Role : Staff Site Reliability Engineer (SRE)
Location : San Francisco, CA (Hybrid)
Job Responsibilities
As our Staff SRE, you'll be the primary expert responsible for our entire compute ecosystem. Your key responsibilities will include:
As a Staff SRE, you'll operate at the highest level of technical expertise and influence. You won't just solve problems; you'll prevent them at a fundamental level across organizational boundaries.
· Design, implement, and lead large-scale, cross-functional projects to improve the reliability, performance, and efficiency of our core services and infrastructure (10× impact).
· Drive the reduction of toil by developing and deploying sophisticated automation tools and frameworks, championing the "everything as code" philosophy.

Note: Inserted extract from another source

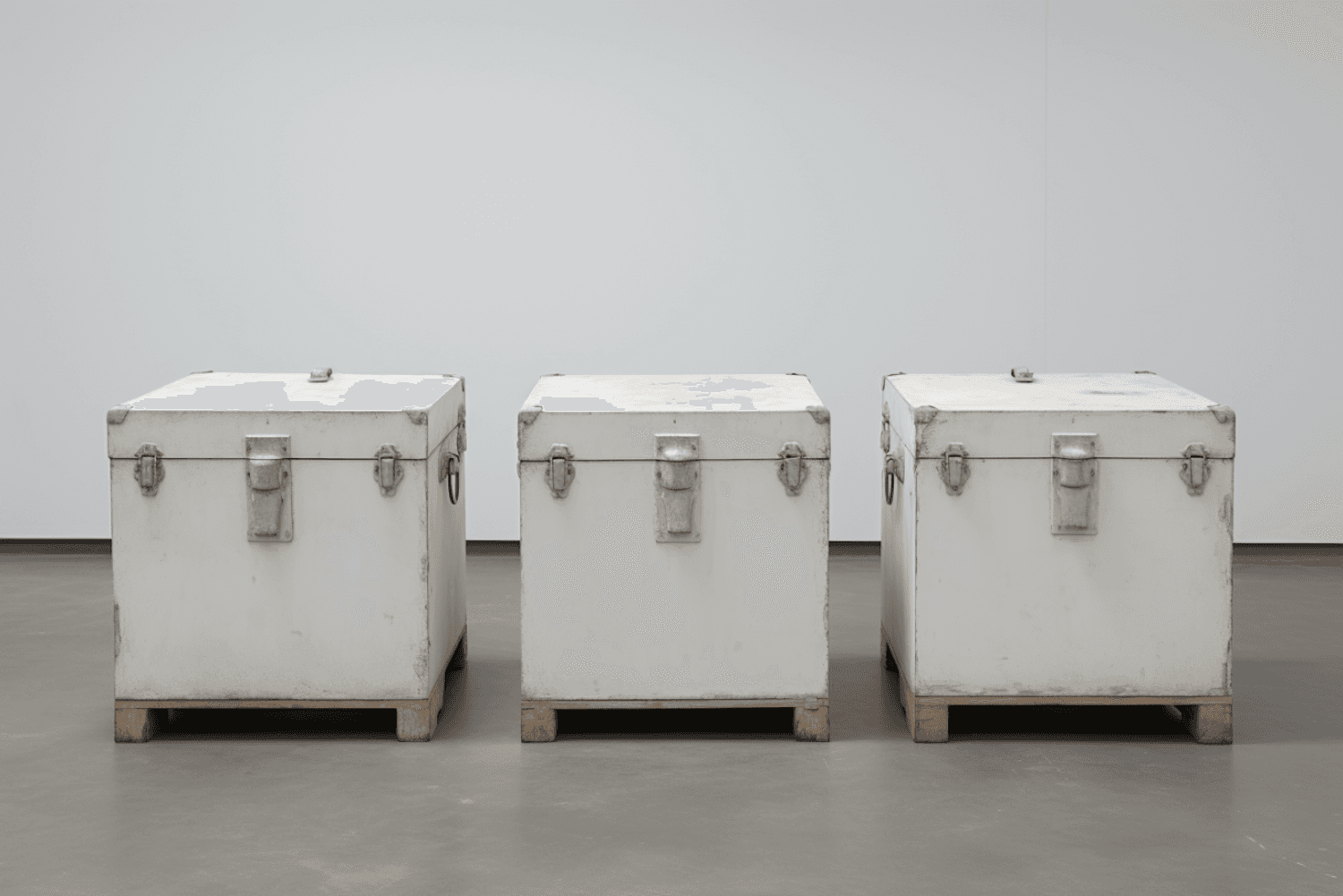 Shipping cases lined up against a plain wall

· Serve as a technical escalation point for critical incidents, perform deep-dive root cause analyses (RCAs), and implement robust corrective measures to prevent recurrence.
· Define and implement SLOs, SLIs, and Error Budgets for critical services. Enhance our monitoring, logging, and tracing systems to provide comprehensive visibility into system health.
· Set the technical direction and best practices for the entire SRE and engineering organization. Mentor mid-level and senior engineers on design patterns, operational rigor, and reliability principles.
We're looking for a leader and a deep technical expert with a proven track record of solving the hardest scaling and reliability challenges.
Required Qualifications
· 8+ years of progressive experience in Site Reliability Engineering, Production Engineering, or a closely related role.
· Expert-level proficiency with AWS, including networking, compute, and storage.
· Deep expertise in Kubernetes and the cloud-native ecosystem.
· Fluency in at least one major scripting/programming language for automation and tooling (e.g., Python, Go, or Java).
· Solid experience with monitoring and logging solutions (Datadog)
· Proven ability to design and implement robust, highly available distributed systems.
· Demonstrated experience with Infrastructure as Code tools like Terraform.
· Exceptional communication skills, capable of explaining complex technical issues to both technical and non-technical audiences.
Nice-to-Have
· Experience implementing Service Mesh technologies (e.g., Istio, Linkerd).
· A strong understanding of security principles and practices in a cloud environment.
· Certifications such as CKA (Certified Kubernetes Administrator) or CKAD (Certified Kubernetes Application Developer).